> What you are asked to do: All of the entries need to be written out again, exactly as they are.

[Short descriptive text snippets]
BEGIN
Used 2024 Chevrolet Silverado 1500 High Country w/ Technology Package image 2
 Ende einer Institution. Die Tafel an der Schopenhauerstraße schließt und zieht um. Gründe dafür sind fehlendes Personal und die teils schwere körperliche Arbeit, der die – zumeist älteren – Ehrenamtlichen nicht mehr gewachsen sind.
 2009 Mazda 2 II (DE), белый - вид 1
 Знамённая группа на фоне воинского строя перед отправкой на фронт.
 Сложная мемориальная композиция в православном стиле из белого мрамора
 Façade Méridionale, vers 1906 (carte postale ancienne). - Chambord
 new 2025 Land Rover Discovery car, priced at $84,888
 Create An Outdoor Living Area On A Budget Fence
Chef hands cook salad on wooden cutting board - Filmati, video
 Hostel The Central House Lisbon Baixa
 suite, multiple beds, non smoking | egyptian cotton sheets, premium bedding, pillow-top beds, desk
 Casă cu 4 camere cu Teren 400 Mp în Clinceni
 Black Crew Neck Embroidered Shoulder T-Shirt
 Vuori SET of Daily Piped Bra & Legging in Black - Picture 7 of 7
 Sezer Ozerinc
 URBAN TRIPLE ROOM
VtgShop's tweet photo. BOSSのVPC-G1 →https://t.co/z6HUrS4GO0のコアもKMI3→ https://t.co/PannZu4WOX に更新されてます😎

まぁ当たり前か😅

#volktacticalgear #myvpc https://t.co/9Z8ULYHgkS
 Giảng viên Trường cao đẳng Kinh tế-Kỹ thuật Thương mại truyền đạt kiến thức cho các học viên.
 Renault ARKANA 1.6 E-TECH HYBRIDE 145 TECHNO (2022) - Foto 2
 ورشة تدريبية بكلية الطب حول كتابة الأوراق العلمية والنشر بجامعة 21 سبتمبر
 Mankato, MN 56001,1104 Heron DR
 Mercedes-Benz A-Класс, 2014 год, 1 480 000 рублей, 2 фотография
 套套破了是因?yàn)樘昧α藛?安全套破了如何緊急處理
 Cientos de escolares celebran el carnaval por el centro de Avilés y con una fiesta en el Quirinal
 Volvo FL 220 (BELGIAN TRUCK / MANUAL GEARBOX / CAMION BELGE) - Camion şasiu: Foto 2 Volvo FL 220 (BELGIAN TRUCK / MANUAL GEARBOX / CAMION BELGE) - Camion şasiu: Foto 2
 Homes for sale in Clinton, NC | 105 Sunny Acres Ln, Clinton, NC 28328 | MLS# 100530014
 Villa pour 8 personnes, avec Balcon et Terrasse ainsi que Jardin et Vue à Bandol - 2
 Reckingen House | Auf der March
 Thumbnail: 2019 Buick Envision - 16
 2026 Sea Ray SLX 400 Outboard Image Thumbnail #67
END
> Solution:
Used 2024 Chevrolet Silverado 1500 High Country w/ Technology Package image 2
 Ende einer Institution. Die Tafel an der Schopenhauerstraße schließt und zieht um. Gründe dafür sind fehlendes Personal und die teils schwere körperliche Arbeit, der die – zumeist älteren – Ehrenamtlichen nicht mehr gewachsen sind.
 2009 Mazda 2 II (DE), белый - вид 1
 Знамённая группа на фоне воинского строя перед отправкой на фронт.
 Сложная мемориальная композиция в православном стиле из белого мрамора
 Façade Méridionale, vers 1906 (carte postale ancienne). - Chambord
 new 2025 Land Rover Discovery car, priced at $84,888
 Create An Outdoor Living Area On A Budget Fence
Chef hands cook salad on wooden cutting board - Filmati, video
 Hostel The Central House Lisbon Baixa
 suite, multiple beds, non smoking | egyptian cotton sheets, premium bedding, pillow-top beds, desk
 Casă cu 4 camere cu Teren 400 Mp în Clinceni
 Black Crew Neck Embroidered Shoulder T-Shirt
 Vuori SET of Daily Piped Bra & Legging in Black - Picture 7 of 7
 Sezer Ozerinc
 URBAN TRIPLE ROOM
VtgShop's tweet photo. BOSSのVPC-G1 →https://t.co/z6HUrS4GO0のコアもKMI3→ https://t.co/PannZu4WOX に更新されてます😎

まぁ当たり前か😅

#volktacticalgear #myvpc https://t.co/9Z8ULYHgkS
 Giảng viên Trường cao đẳng Kinh tế-Kỹ thuật Thương mại truyền đạt kiến thức cho các học viên.
 Renault ARKANA 1.6 E-TECH HYBRIDE 145 TECHNO (2022) - Foto 2
 ورشة تدريبية بكلية الطب حول كتابة الأوراق العلمية والنشر بجامعة 21 سبتمبر
 Mankato, MN 56001,1104 Heron DR
 Mercedes-Benz A-Класс, 2014 год, 1 480 000 рублей, 2 фотография
 套套破了是因?yàn)樘昧α藛?安全套破了如何緊急處理
 Cientos de escolares celebran el carnaval por el centro de Avilés y con una fiesta en el Quirinal
 Volvo FL 220 (BELGIAN TRUCK / MANUAL GEARBOX / CAMION BELGE) - Camion şasiu: Foto 2 Volvo FL 220 (BELGIAN TRUCK / MANUAL GEARBOX / CAMION BELGE) - Camion şasiu: Foto 2
 Homes for sale in Clinton, NC | 105 Sunny Acres Ln, Clinton, NC 28328 | MLS# 100530014
 Villa pour 8 personnes, avec Balcon et Terrasse ainsi que Jardin et Vue à Bandol - 2
 Reckingen House | Auf der March
 Thumbnail: 2019 Buick Envision - 16
 2026 Sea Ray SLX 400 Outboard Image Thumbnail #67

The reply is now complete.